A.G.: Quel pensionnat?
L.P.: Wahpeton, dans le Dakota du Nord. C'était en 1953. J'y suis resté
jusqu'en 1956, pendant trois ans. Les conditions y étaient extrêmement
dures.
A.G.: Quel âge aviez-vous?
L.P.: J'avais 9 ans quand j'y suis arrivé.
A.G.: Parlez-nous de l'objectif de ces pensionnats. Vous a-t-on coupé
les cheveux? Vous ont-ils empêché de parler votre langue?

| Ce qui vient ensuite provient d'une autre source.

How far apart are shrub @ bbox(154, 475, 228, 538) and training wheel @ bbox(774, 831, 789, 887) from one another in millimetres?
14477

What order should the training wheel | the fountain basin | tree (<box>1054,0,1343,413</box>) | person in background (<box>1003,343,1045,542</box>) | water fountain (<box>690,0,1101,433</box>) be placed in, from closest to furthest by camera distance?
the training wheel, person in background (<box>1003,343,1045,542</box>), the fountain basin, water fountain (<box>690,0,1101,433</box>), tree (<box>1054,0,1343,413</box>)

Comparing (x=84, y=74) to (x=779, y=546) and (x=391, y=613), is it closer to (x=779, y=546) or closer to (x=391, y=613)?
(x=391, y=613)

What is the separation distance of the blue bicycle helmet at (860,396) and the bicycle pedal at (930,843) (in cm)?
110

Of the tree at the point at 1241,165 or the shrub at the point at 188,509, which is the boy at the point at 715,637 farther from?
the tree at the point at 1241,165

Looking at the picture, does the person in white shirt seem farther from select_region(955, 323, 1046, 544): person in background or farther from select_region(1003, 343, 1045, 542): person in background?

L.P.: Bien sur. C'était le but des écoles: éliminer l'Indien chez les
Indiens, c'était littéralement leur fonction. Ils nous ont emmenés dans
des pensionnats. La première chose qu'ils ont faite, c'est de nous
couper les cheveux, de nous raser la tête, puis de nous mettre sous la
douche. Nous nous sommes douchés, et quand nous sommes sortis de la
douche, ils ont versé du DDT sur tout notre corps.

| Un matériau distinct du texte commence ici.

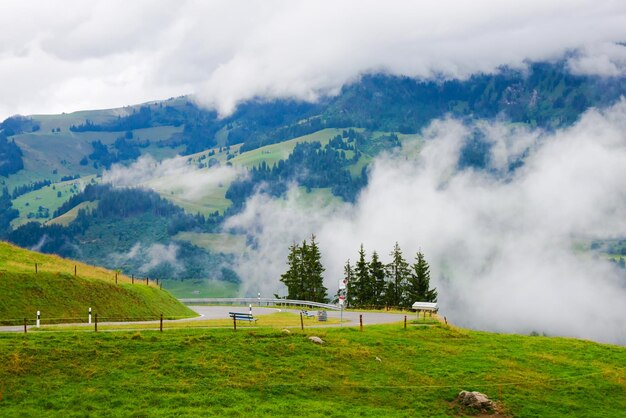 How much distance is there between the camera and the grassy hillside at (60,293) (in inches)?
1991

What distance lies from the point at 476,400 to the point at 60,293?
34.5 meters

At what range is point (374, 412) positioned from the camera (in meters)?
34.6

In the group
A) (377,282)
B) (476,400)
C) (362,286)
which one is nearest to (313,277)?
(362,286)

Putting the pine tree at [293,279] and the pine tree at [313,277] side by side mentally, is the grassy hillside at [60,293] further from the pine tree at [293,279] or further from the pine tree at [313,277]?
the pine tree at [313,277]

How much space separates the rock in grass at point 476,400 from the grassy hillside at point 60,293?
3073 centimetres

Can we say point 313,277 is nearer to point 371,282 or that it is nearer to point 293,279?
point 293,279

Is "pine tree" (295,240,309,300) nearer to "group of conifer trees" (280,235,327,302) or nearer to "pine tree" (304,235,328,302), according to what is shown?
"group of conifer trees" (280,235,327,302)

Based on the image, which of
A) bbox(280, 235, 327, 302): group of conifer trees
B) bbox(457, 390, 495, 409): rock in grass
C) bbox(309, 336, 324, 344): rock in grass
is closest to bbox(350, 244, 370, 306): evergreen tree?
bbox(280, 235, 327, 302): group of conifer trees

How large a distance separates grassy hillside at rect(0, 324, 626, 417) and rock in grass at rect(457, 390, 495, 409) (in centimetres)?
62

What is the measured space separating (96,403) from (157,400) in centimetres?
288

A.G.: Vous avez écrit que vous considériez ces pensionnats comme votre
premier emprisonnement.
L.P.: Oui, c'était le cas.
A.G.: Vous avez donc fréquenté cette école avec votre cousin et votre
soeur pendant trois ans. Où êtes-vous allé ensuite? Et comment avez-vous
conservé votre langue et votre culture?
L.P.: Eh bien, je suis revenu ici pour vivre avec mon père. Il vivait
toujours dans une cabane en rondins, sans électricité ni eau courante.
Nous devions aller chercher de l'eau. Nous devions aller chercher du
bois. Le gouvernement américain a rédigé un projet de loi, adopté par le
Congrès en 1956. Les premiers à être éliminés furent les Indiens
Menominee du Wisconsin. Ils possédaient des millions d'hectares de
terres, de bois et de lacs. C'était magnifique.

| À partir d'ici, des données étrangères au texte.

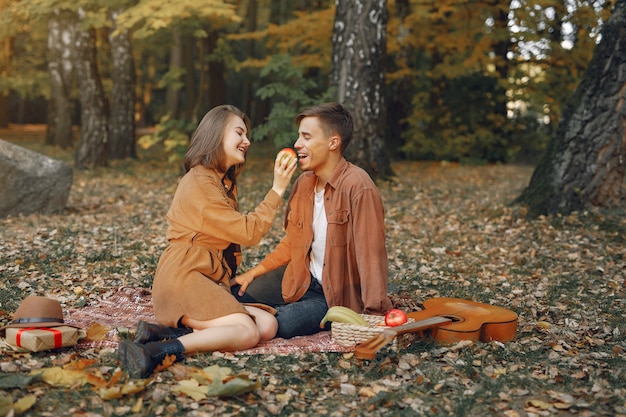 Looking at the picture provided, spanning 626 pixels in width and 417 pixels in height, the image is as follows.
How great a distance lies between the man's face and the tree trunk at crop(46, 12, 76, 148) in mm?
10580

Mais «ils» sont venus et leur ont pris toutes ces terres. Puis «ils»
sont venus ici en 1958 - j'avais 13 ans à l'époque - et nous ont dit que
nous avions été dissous et que nous devions l'accepter. Nous étions
censés être la deuxième tribu à être dissoute.
A.G.: La tribu des Chippewa Cree de Turtle Mountain.
L.P.: Mon père, tous les autres ont dit: «C'est sans espoir. Nous ne
pouvons pas lutter contre ces gens. Ils sont trop puissants. Peut-être
que la vie sera meilleure là-bas», et d'autres choses du même genre à
propos de cette réinstallation. Ils ont donc choisi la ville où ils
voulaient aller. Beaucoup d'entre eux sont partis dans l'Etat de
Washington et en Oregon. Nous avons été un petit groupe à rester ici et
à dire: «Non, nous ne partirons pas. Vous ne pouvez pas venir ici nous
dire que nous devons partir, que vous allez nous exterminer et nous dire
que nous n'existons plus. Allez vous faire foutre. Battons-nous.» Et
littéralement, les gens l'ont fait. J'étais fier d'eux. J'avais 13 ans.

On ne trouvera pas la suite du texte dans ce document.